For most customers, DR requires more than just possessing a remote copy of data, it requires the ability to rapidly make use of that data. NetApp offers two technologies that address this need - MetroCluster and SnapMirror active sync
MetroCluster refers to ONTAP in a hardware configuration that includes low-level synchronously mirrored storage and numerous additional features. Integrated solutions such as MetroCluster simplify today's complicated, scale-out database, application, and virtualization infrastructures. It replaces multiple, external data protection products and strategies with one simple, central storage array. It also provides integrated backup, recovery, disaster recovery, and high availability (HA) within a single clustered storage system.

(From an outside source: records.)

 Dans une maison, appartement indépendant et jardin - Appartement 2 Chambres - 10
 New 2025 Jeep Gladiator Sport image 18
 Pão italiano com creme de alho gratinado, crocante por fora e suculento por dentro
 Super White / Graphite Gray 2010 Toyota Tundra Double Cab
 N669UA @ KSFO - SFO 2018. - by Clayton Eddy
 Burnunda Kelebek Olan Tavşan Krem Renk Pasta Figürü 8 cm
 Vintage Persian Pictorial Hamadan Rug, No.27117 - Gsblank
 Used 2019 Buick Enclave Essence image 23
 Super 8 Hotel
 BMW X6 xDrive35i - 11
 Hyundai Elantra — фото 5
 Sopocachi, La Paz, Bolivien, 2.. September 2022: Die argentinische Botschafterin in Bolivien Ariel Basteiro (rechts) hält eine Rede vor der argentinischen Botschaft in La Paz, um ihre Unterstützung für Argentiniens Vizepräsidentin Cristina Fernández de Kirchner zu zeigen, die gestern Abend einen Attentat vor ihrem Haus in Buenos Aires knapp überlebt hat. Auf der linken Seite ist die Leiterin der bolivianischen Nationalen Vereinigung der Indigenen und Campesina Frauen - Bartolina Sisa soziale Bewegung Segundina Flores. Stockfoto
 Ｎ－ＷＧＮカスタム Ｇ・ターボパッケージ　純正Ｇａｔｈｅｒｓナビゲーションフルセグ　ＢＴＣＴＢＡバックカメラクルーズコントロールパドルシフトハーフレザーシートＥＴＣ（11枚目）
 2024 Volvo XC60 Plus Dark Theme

SnapMirror active sync (SM-as) is based on SnapMirror Synchronous. With MetroCluster, each ONTAP controller is responsible for replicating its drive data to a remote location. With SnapMirror active sync, you essentially have two different ONTAP systems maintaining independent copies of your LUN data, but cooperating to present a single instance of that LUN. From a host point of view, it's a single LUN entity.
SM-as and MCC comparison
SM-as and MetroCluster are similar in overall functionality, but there are important differences in the way in which RPO=0 replication was implemented and how it is managed. SnapMirror asynchronous and synchronous can also be used as part of a DR plan, but they are not designed as HA repliation technologies.
-
A MetroCluster configuration is more like one integrated cluster with nodes distributed across sites. SM-as behaves like two otherwise independent clusters that are cooperating in serving up select RPO=0 synchronously replicated LUNs.
-
The data in a MetroCluster configuration is only accessible from one particular site at any given time. A second copy of the data is present on the opposite site, but the data is passive. It cannot be accessed without a storage system failover.
-
MetroCluster and SM-as perform mirroring occurs at different levels. MetroCluster mirroring is performed at the RAID layer. The low-level data is stored in a mirrored format using SyncMirror. The use of mirroring is virtually invisible up at the LUN, volume, and protocol layers.
-
In contrast, SM-as mirroring occurs at the protocol layer. The two clusters are overall independent clusters. Once the two copies of data are in sync, the two clusters only need to mirror writes. When a write occurs on one cluster, it is replicated to the other cluster. The write is only acknowledged to the host when the write has completed on both sites. Other than this protocol splitting behavior, the two clusters are otherwise normal ONTAP clusters.
-
The primary role for MetroCluster is large-scale replication. You can replicate an entire array with RPO=0 and near-zero RTO. This simplifies the failover process because there is only one "thing" to fail over, and it scales extremely well in terms of capacity and IOPS.
-
One key use case for SM-as is granular replication. Sometimes you don’t want to replicate all data as a single unit, or you need to be able to selectively fail over certain workloads.
-
Another key use case for SM-as is for active-active operations, where you want fully usable copies of data to be available on two different clusters located in two different locations with identical performance characteristics and, if desired, no requirement to stretch the SAN across sites. You can have your applications already running on both sites, which reduces the overall RTO during failover operations.